北陸地区と上信越地区の優勝チーム同士で5戦3勝方式で行われるシリーズ。前日まで群馬が2勝1敗でリーグ制覇に王手をかけている。前日の第3戦は4時間を超える延長戦を群馬が制しているが、3戦とも接戦続きである。
公園には石川や金沢ナンバーに交じり、群馬ナンバーのクルマも結構停まっている。その中に神戸ナンバーのクルマを突っ込むのはちょっと浮いた感じがしないでもない。
入場料はシリーズに限り1,500円であるが、8月に金沢に観戦に来た折に石川の日本一に向けての協賛金募集に一口乗っており、その時の引換券に500円追加だけで入場できるという。それで入ったのだが、入場の際にNTTドコモ北陸の湯のみやら500g入りのパスタを2袋などがプレゼントでついてきた。これだけで500円を超えていやしないかな。

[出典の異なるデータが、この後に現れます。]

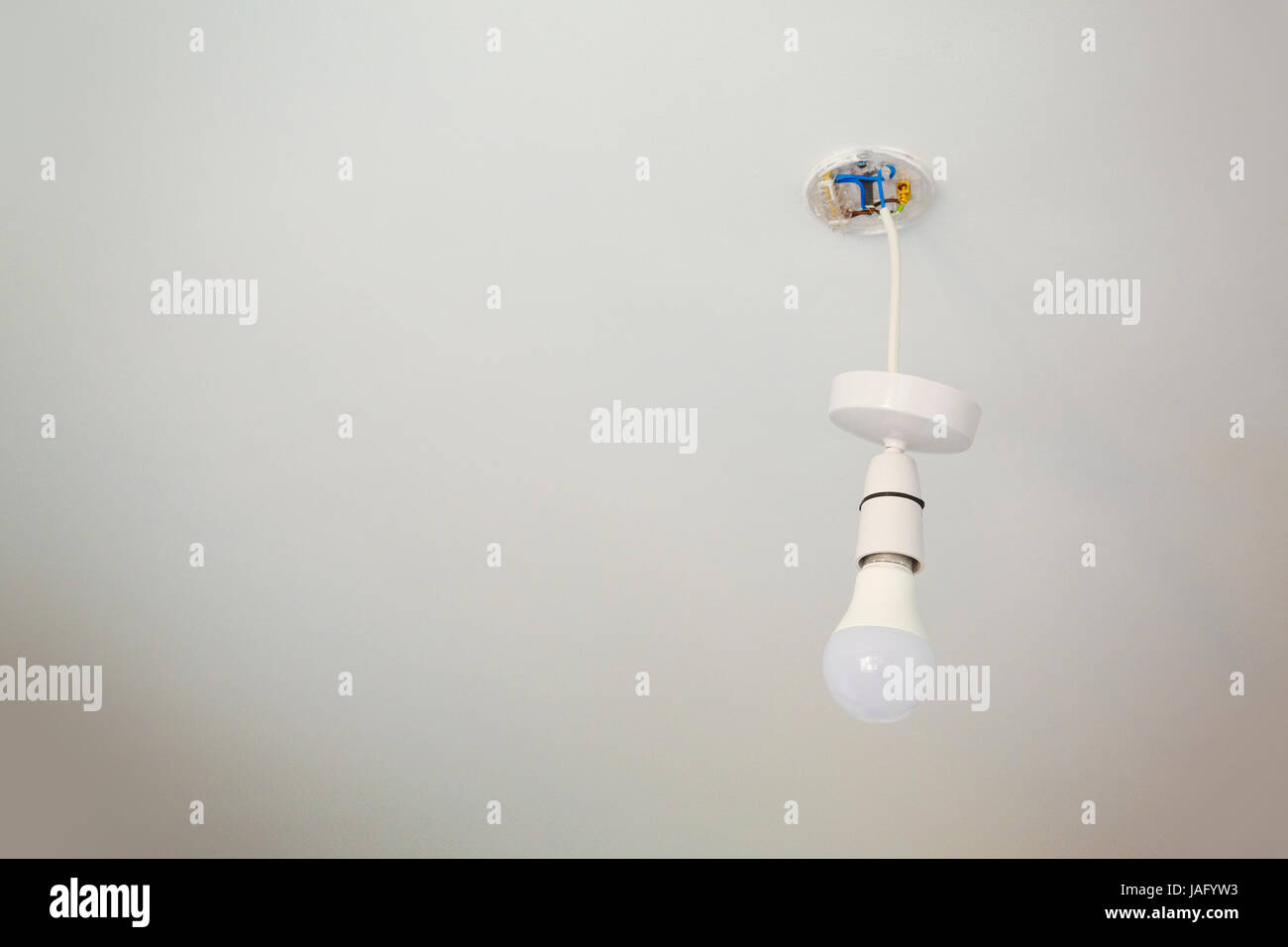 Low angle view of light fixture with light bulb hanging from a ceiling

ということで、三塁側がホームの石川のベンチのすぐ上に座る。この球場、内野のネットが極端に低く、最前列に座っても目の前に障害物が来ないのである。一般の球場の場合、最前列となればフェンスが目の前に来て結構いらつくものだが、それがないのは非常に好印象。目の前に手すりの棒があるので、この上にカメラを乗せれば三脚の代わりにもなる。
試合開始が近づくと三塁側の石川も大勢の観客がつめかけ、一塁側も群馬からはせ参じた応援団がいろんな横断幕をスタンドに掲げている。チャンピオンシップにふさわしい盛り上がりである。東京に住んでいた時は群馬のホームゲームを見に行っており、その時見た選手の大半が残っているのだが、今日のところは石川が勝って明日の最終戦にもつれこんでほしいところ(そうなれば、明日も続けて観戦するつもり)。

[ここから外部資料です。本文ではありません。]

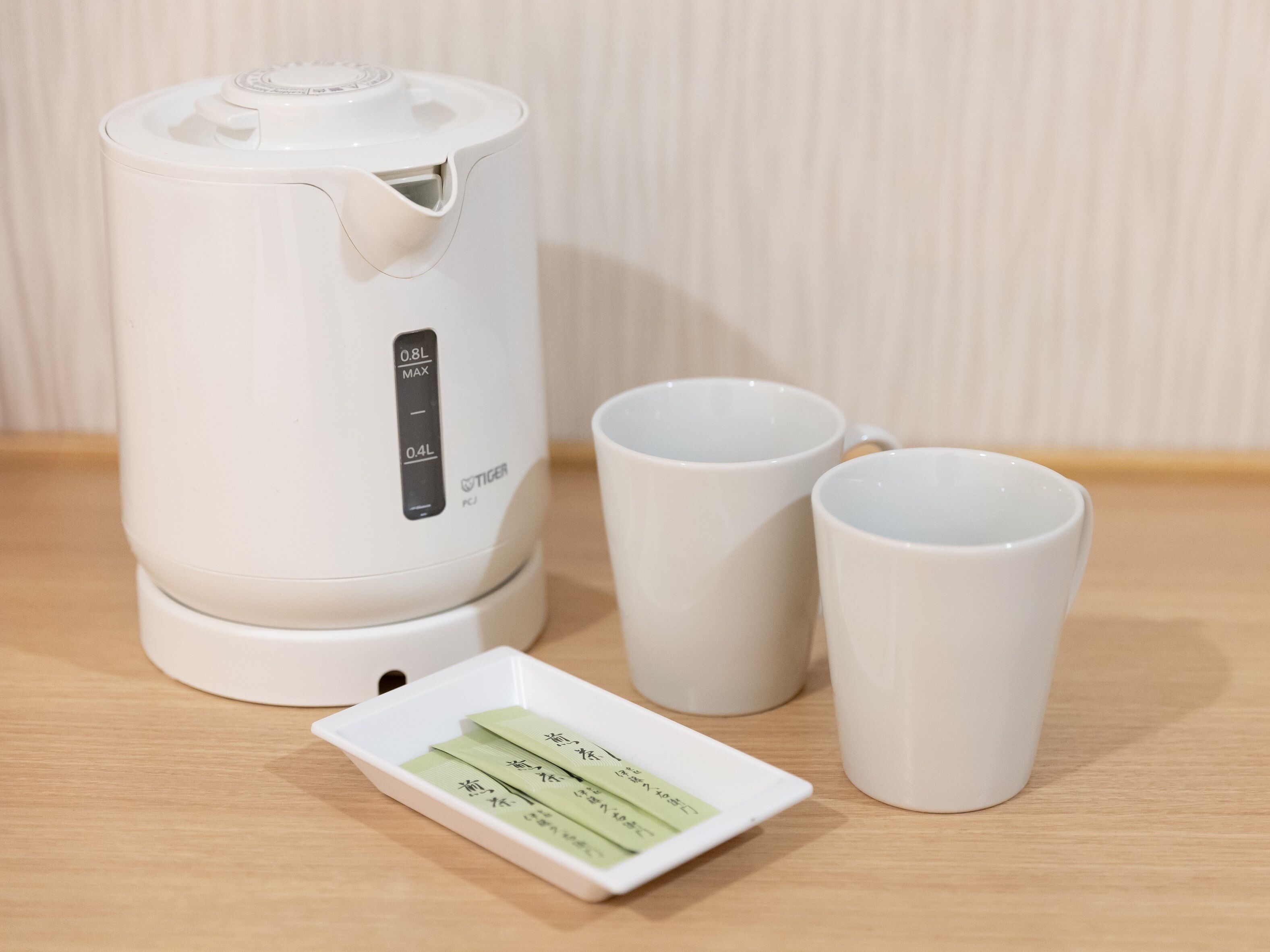 Una tetera eléctrica blanca con pantalla digital, dos tazas blancas y un plato pequeño blanco con bolsitas de té.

ちょうど日が暮れる時間帯。球場で見る夕暮れというのも独特なムードがある。夜は冷えるのだろうな。・・・・ということは織り込み済みだったはずだが、実は羽織るものを自宅から持ってくるのを忘れてしまった。クルマなので熱燗で・・・というわけにもいかず、売店でお茶のホットを買って身体を温めながらの観戦。こういう秋のナイターというのを見るのも久しぶりだ。
後のない石川は左腕の大輔を先発に送る。石川には南という絶対的なエースがいるのだが、前日の試合で使ってしまっている。

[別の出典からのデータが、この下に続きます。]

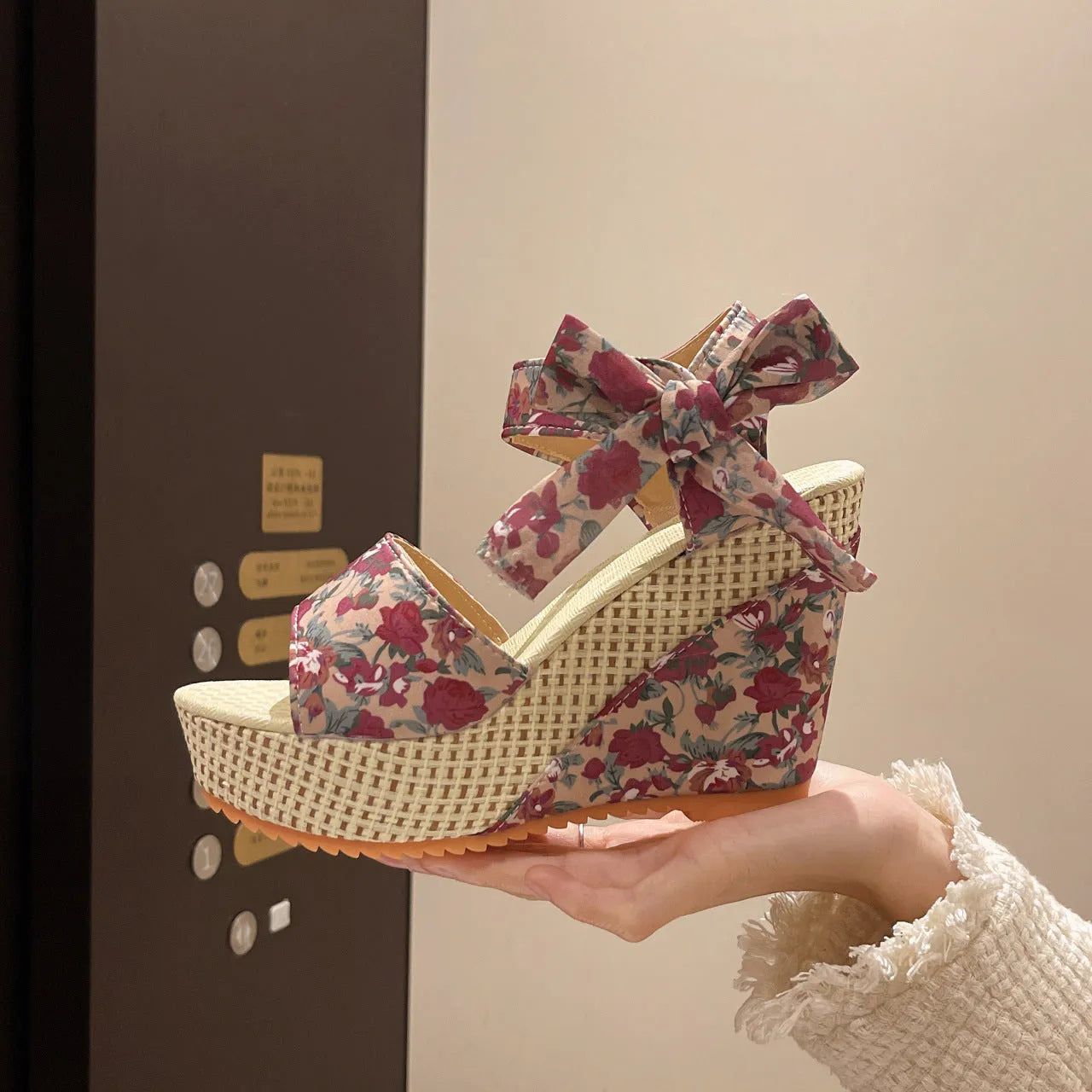 Women's floral wedge sandals with peep toe and ankle strap in pink, black, or blue.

1回表、群馬先頭の山田がいきなり左中間に二塁打を放つ。その後、二死一・三塁として5番の小西が三遊間を抜けるタイムリーで1点先制。
ところが石川も負けてはいられない。群馬先発の大木(イニングの初めには必ず「大きな栗の木の下で」のメロディーが応援席から流れていた)から簡単に二死となるが、3番の楠本の振り抜いた打球。
両翼が91.5mと狭いせいもあるが、レフトの頭上を越えてスタンドイン。たちまち1対1の同点となる。
これで三塁側の石川ファンも総立ちで大喜び。これで俄然面白くなった。
大輔は常にボールが先行する投球だが、時にスローカーブを交えて打者の打ち気をそらす投法で、ランナーを出しても粘って失点を許さない。地元ファンの「だいすけー!!」「ダイスケー!!」コールも投球を後押ししているようだ。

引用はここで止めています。